A season for Australian opera


Visuals for <em>Boojum!</em>  by Simone Romaniuk Image: Visuals for Boojum! by Simone Romaniuk  
© State Opera of South Australia

Two brand-new Australian operas, and four existing ones, will receive performances in Sydney and Adelaide over the next few months.

The scarcity of contemporary Australian operas in season programs may be a perennial cause for concern, but in 2019 there is an unusual flurry of activity, with several premieres as well as existing works getting an outing over the next few months. The brand-new works include Opera Australia's production of Elena Kats-Chernin and Justin Fleming's opera Whiteley (Sydney on 15 July) and Sydney Chamber Opera's production of Elliott Gyger and Pierce Wilcox's Oscar and Lucinda (27 July). Meta Overman's (1907-1993) opera Psyche will be performed in a newly orchestrated edition at the Sydney Conservatorium of Music on 16-17 August. And before any of these, the State Opera of South Australia will launch their new initiative 'The Lost Operas of Oz' airing the first of three Australian works. Martin Wesley-Smith's Boojum! (Adelaide 5-6 July) will be followed by Ross Edwards and Dorothy Hewett's Christina's World (2-3 August) and John Haddock and Michael Campbell's Madeline Lee (4-5 October).
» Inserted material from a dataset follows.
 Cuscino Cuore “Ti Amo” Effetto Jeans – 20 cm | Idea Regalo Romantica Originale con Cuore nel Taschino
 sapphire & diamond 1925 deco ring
Elena Kats-Chernin and Justin Fleming's new work is based on the life story of the iconic Australian artist Brett Whiteley. Opera Australia's production will be directed by David Freeman, conducted by Tahu Matheson and designed by Dan Potra. Orchestra rehearsals of Whiteley are about to start, and the composer and the librettist have both been busy at work making last-minute adjustments.

Some of Kats-Chernin's sound world for Whiteley -
'Immersion in blue' recorded by Opera Australia
Orchestra and conducted by Tahu Matheson.
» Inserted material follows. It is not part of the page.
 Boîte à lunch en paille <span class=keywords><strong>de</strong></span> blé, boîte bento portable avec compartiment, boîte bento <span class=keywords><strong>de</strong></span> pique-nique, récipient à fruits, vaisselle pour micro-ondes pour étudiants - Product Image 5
Changing directions has been a bit of an ongoing theme for this project, and the first, big challenge for the composer had to do with finding the right sound to go with Whiteley's art. Whole sections and themes were drafted, only to be abandoned or rewritten.
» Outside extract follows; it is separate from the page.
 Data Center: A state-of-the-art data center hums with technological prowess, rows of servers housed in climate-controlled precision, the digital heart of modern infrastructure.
'Brett Whiteley was this extraordinary, unpredictable artist with unpredictable thoughts. That's how the music should be. Every so often, just completely taking you by surprise', Kats-Chernin said early on.

Whiteley's premiere on 15 July will be followed by further performances on 18, 20, 24, 27 and 30 July. We're looking forward to catching up with the composer and finding out more about her final score once the crucial first orchestral rehearsals are over - more about this on Resonate soon.

Oscar and Lucinda
- vivid and intense

Elliott Gyger's and Pierce Wilcox's Oscar and Lucinda, based on Peter Carey's Booker Prize-winning novel, is a co-production and co-commission of Sydney Chamber Opera, Opera Queensland and Victorian Opera. The premiere season in Sydney this July and August will be directed by Patrick Nolan, conducted by Jack Symonds and designed by Anna Tregloan.

Oscar and Lucinda is a two-act chamber opera, scored for six singers and an orchestra of sixteen. Those familiar with Gyger and Wilcox's previous opera, Fly Away Peter (2015), can expect to hear something quite different.

'Where the prevailing mood of Fly Away Peter was sparse and elegiac, Oscar and Lucinda operates at a much higher level of intensity, evoking the mad profusion, emotional extremes and vivid images of the novel', Gyger exlains. The title characters are, according to him, ideally suited to opera by 'the intensity of their inner vision, and by their sad misalignment with the world around them, and ultimately with each other'.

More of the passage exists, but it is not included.